Segment Start: Exercise inputs

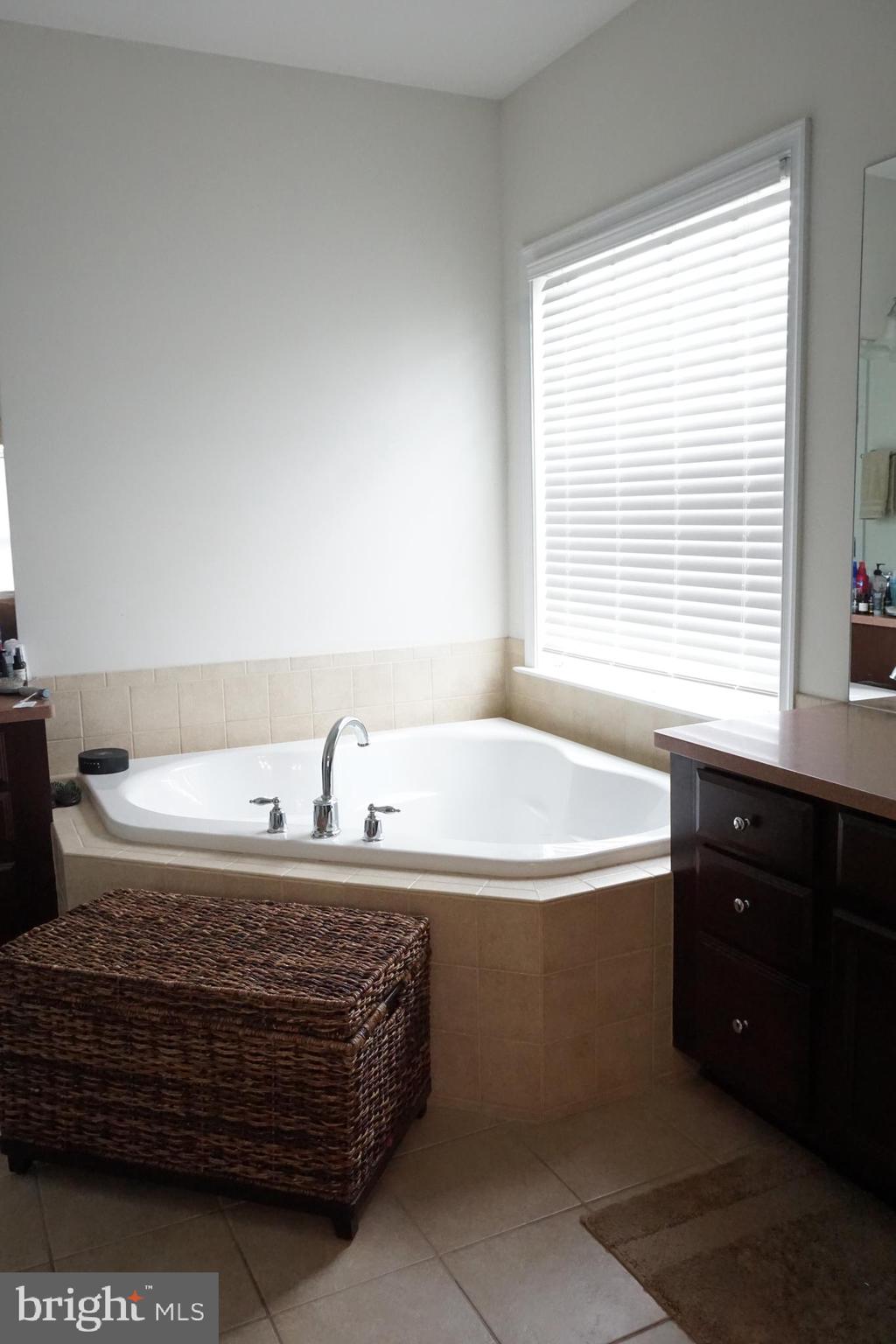 1403 Hampshire Lane Chester Springs, PA 19425 - Photo 13 of 31 a room with a bed and a window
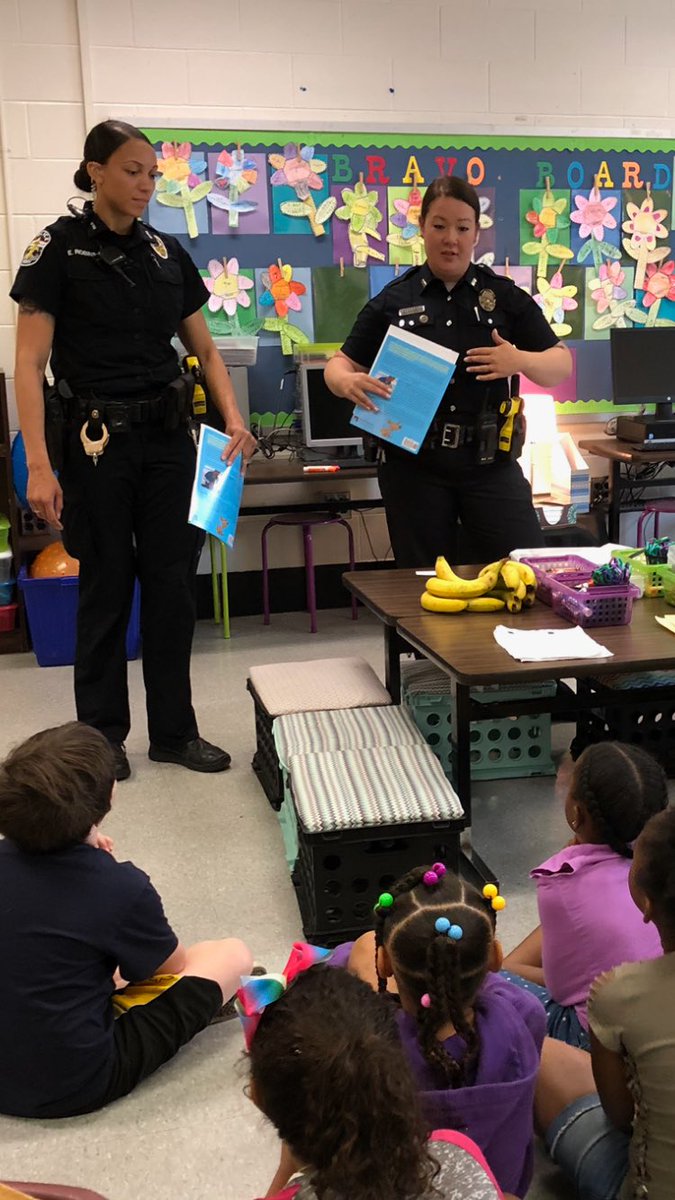 Thank you LMPD for reading to us today! 
<a href="/CochranElem/">Cochran</a> <a href="/JCPSSuper/">Dr. Brian Yearwood</a> @Region2JCPS @AsstSuptAAA2 <a href="/LMPD/">LMPD</a>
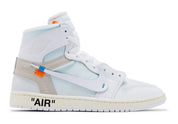 Sneakers Jordan 1 Retro High Off-White Alaska blanches en cuir premium avec détails déstructurés, inscriptions graphiques et semelle Air.
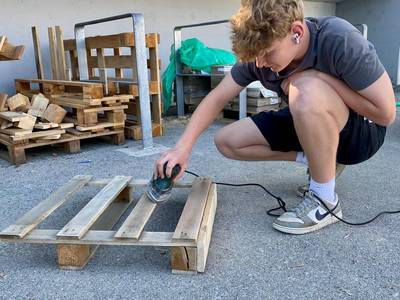 Palettenmöbel für den Schulhof Umsetzung Bild 4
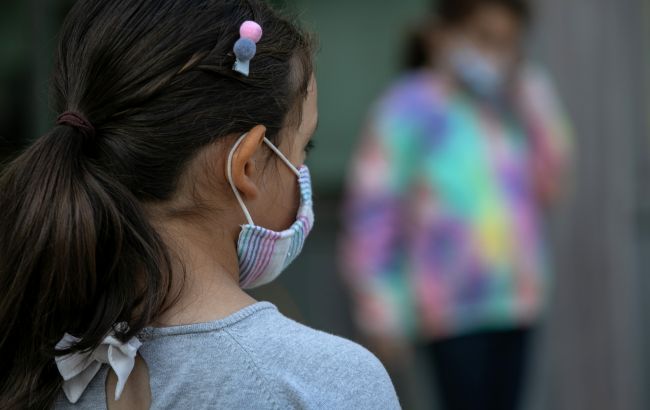 Франция возвращает масочный режим в школах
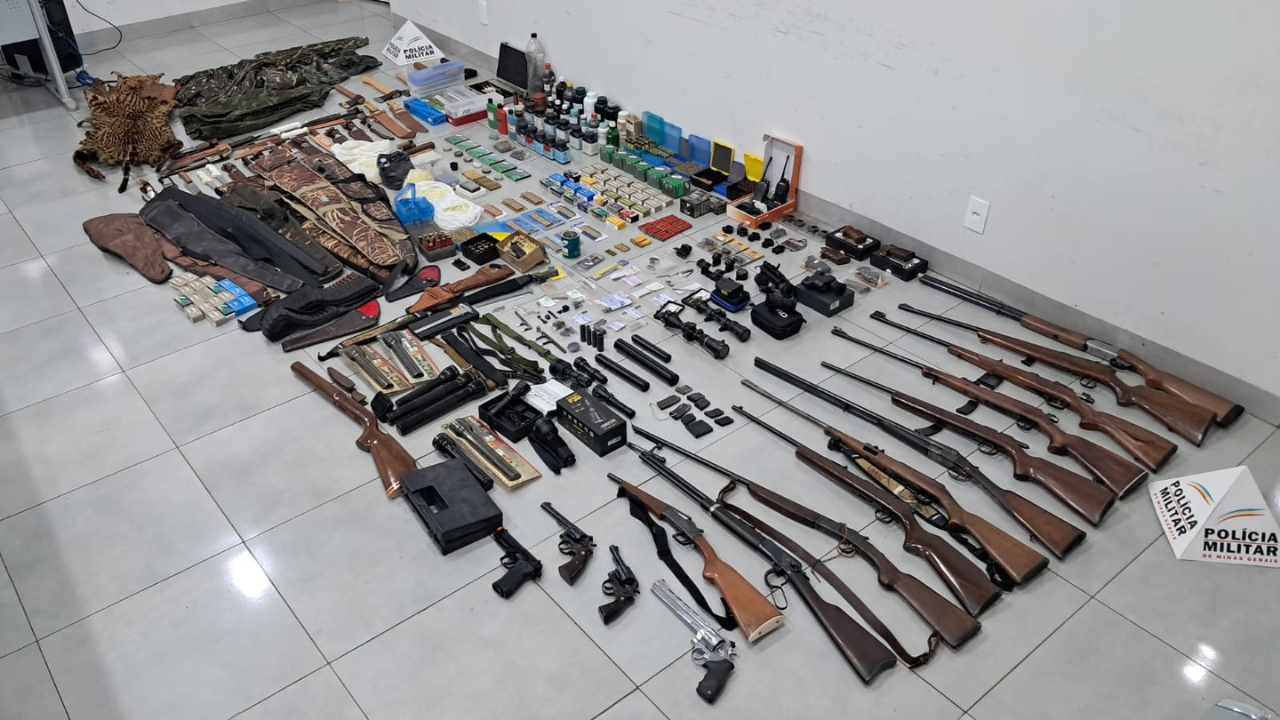Homem com fuzil e arsenal de luxo é preso em imóvel abandonado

Segment End: Exercise inputs

What is needed — Restate the data above word for word, omitting every picture.

Expected output —
 1403 Hampshire Lane Chester Springs, PA 19425 - Photo 13 of 31 a room with a bed and a window
 Thank you LMPD for reading to us today! 
<a href="/CochranElem/">Cochran</a> <a href="/JCPSSuper/">Dr. Brian Yearwood</a> @Region2JCPS @AsstSuptAAA2 <a href="/LMPD/">LMPD</a>
 Sneakers Jordan 1 Retro High Off-White Alaska blanches en cuir premium avec détails déstructurés, inscriptions graphiques et semelle Air.
 Palettenmöbel für den Schulhof Umsetzung Bild 4
 Франция возвращает масочный режим в школах
Homem com fuzil e arsenal de luxo é preso em imóvel abandonado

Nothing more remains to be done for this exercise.